It was a tale of two seasons for the Arizona Cardinals. A 1-6 start and injury to starting quarterback Kevin Kolb made it seem like the team was ticketed for a return to the top five of the draft. Enter John Skelton, an improved defense, and the punch provided by first-round pick Patrick Peterson in the return game, and the team rattled off seven wins in its last nine games to finish 8-8.
What would long-time Cardinals brass and current general manager Rod Graves do in the draft to keep the momentum going?
The Cardinals must have really loved Michael Floyd
Not that Floyd isn't an imposing prospect with a rare size/speed combination. The Cardinals have the best wide receiver in the league, and they were without a second-round pick. Floyd was widely seen as a best player available pick because of the possible intersections between need and value that the Cardinals passed up at edge rusher and on the offensive line. There were clearly suitors in the market for a trade up at that point in the first round, so the Cardinals could have easily traded down to patch the hole in their draft left by the Kevin Kolb trade.

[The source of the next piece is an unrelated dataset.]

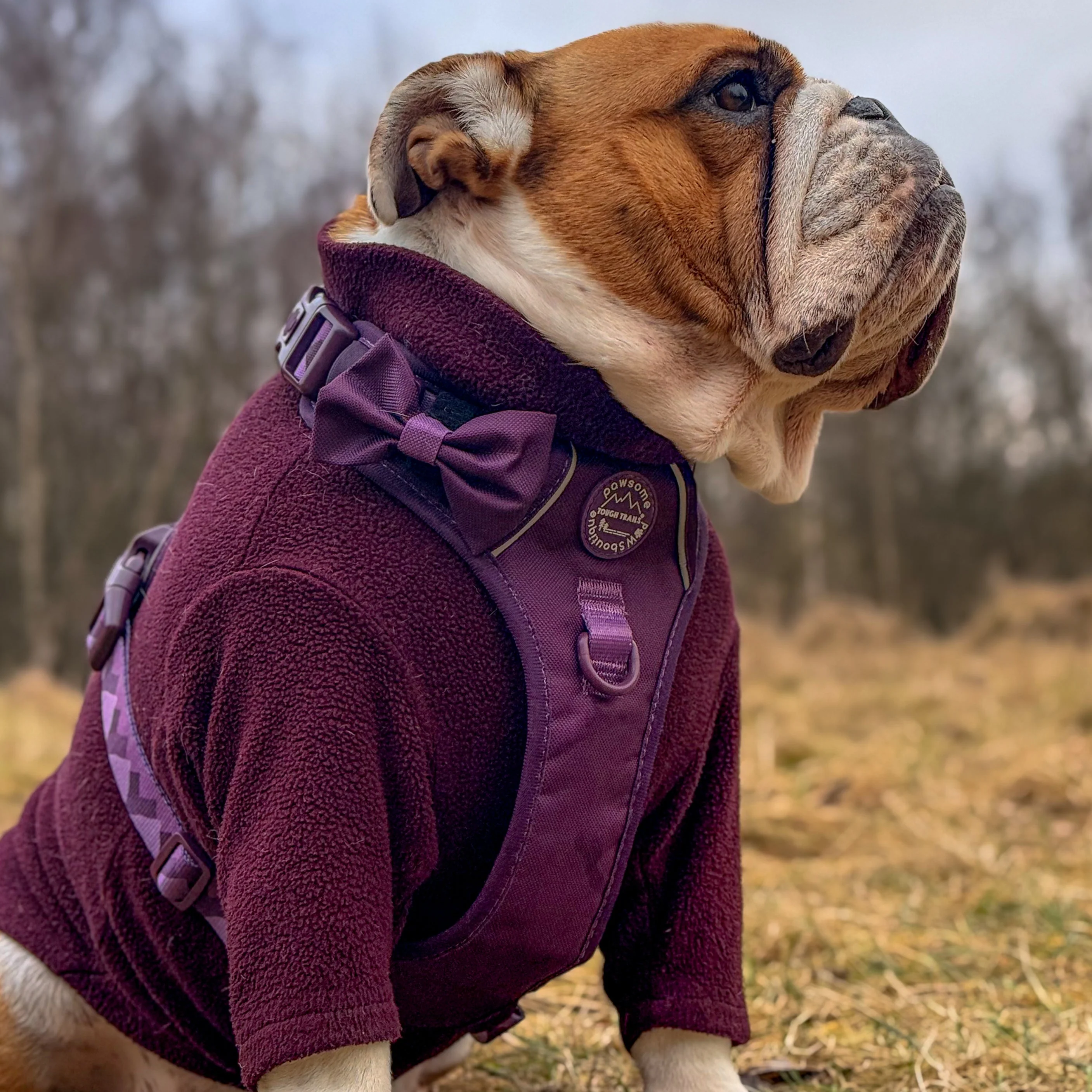 Bow Tie - Walkies Ready® - Plum - Image 4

The move is a visionary one if Fitzgerald takes Floyd under his wing and returns the passing game to the Fitzgerald/Boldin days. The only problem is that there's no Kurt Warner in town, and getting the full value from this pick will be difficult unless the Cardinals solve their quarterback position.

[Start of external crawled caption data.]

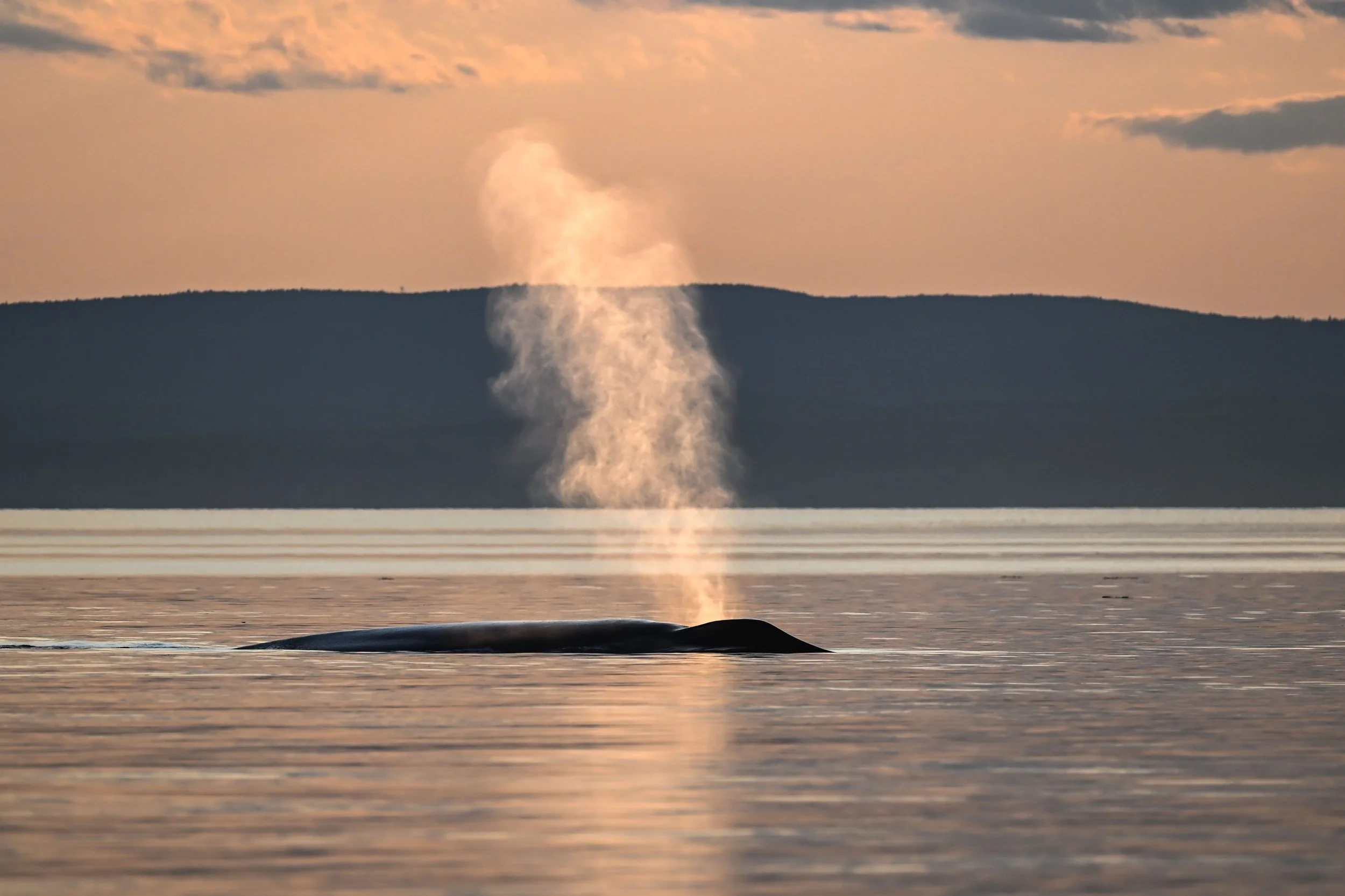 rorqual bleu baleine bleue tadoussac fleuve saint-laurent escoumins bergeronnes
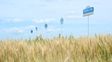 Brasil apuesta al trigo HB4 para duplicar su producción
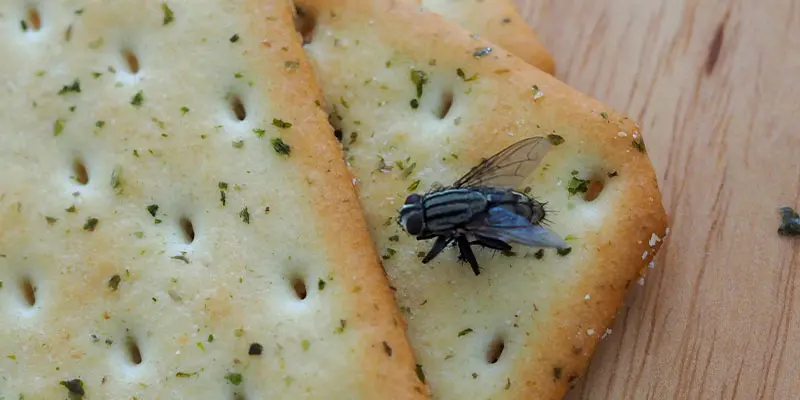 Flies Are More Than Just a Nuisance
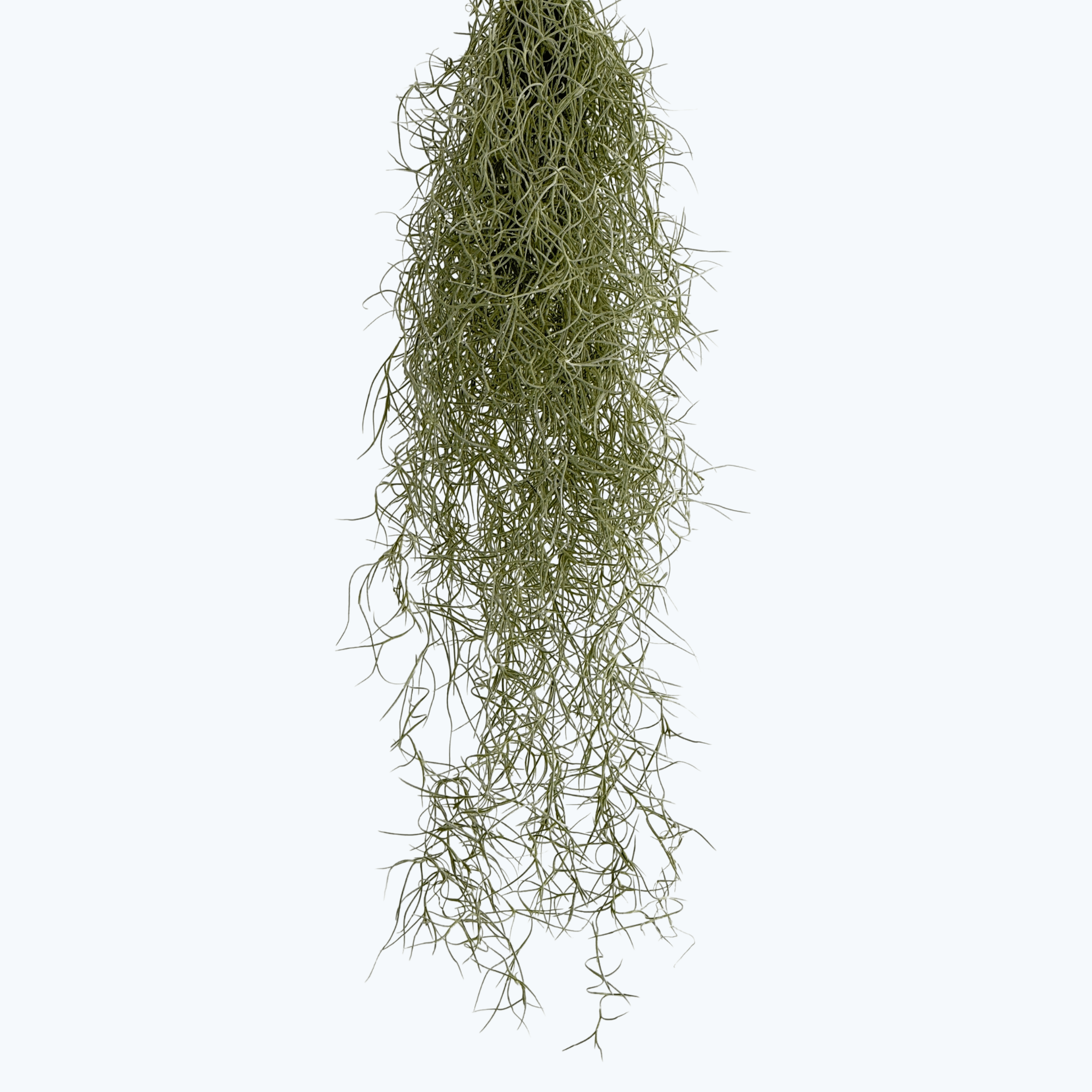 Tillandsia usneoides am Draht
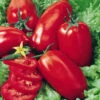 Organic Tomato Roma -Kingsseeds Store O6077 1 72195a20 f37f 43b7 89e1 60ee56f505d7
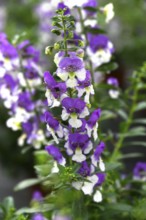 Flower of Angelonia (Angelonia angustifolia), Bavaria, Germany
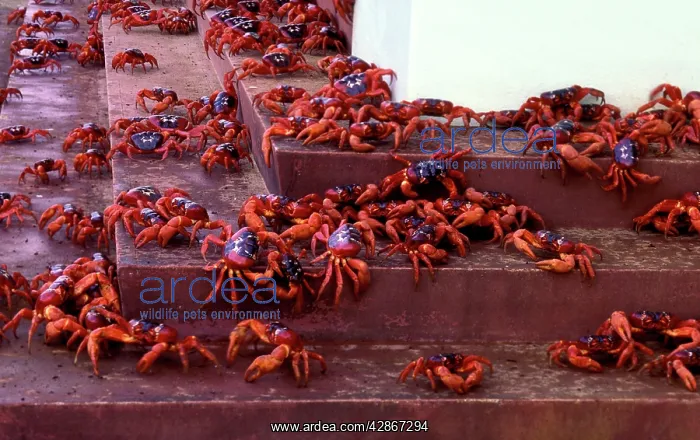 : Red Crab (a land crab) - In town on steps during : Red Crab (a land crab) - In town on steps during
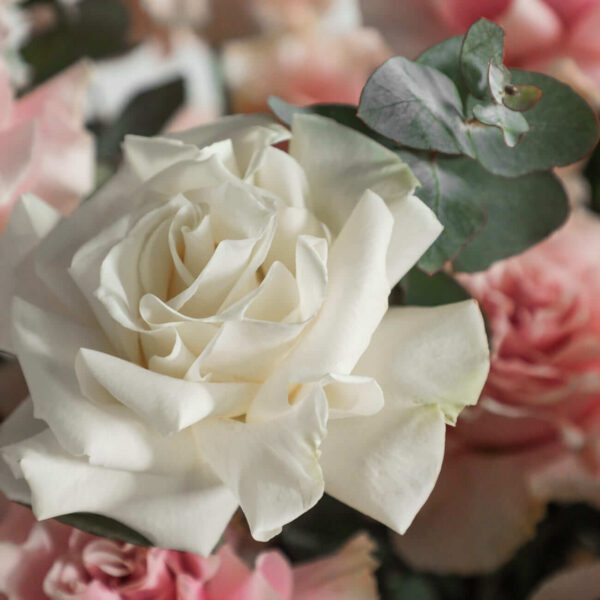 Flower box #5 - Image 2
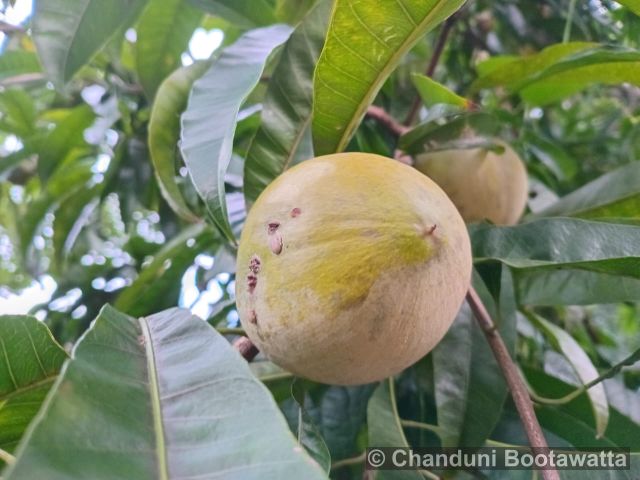 Pouteria campechiana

If the Cardinals have a "type" at quarterback, it's more Skelton than Kolb
The Cardinals were considered a dark-horse team to target Ryan Tannehill if he fell or perhaps a mid-round quarterback prospect because of their lack of a proven long-term answer on the roster. Graves didn't opt for a quarterback until the sixth round. The choice, San Diego State's Ryan Lindley, was a big-A quarterback with a big arm but a raw game. His scouting report reads almost identical to John Skelton in places.
It could be a coincidence, but the Cardinals interest in a quarterback with size and arm strength over a more quick-strike west-coast offense style passer could portend the outcome of the team's quarterback battle this summer.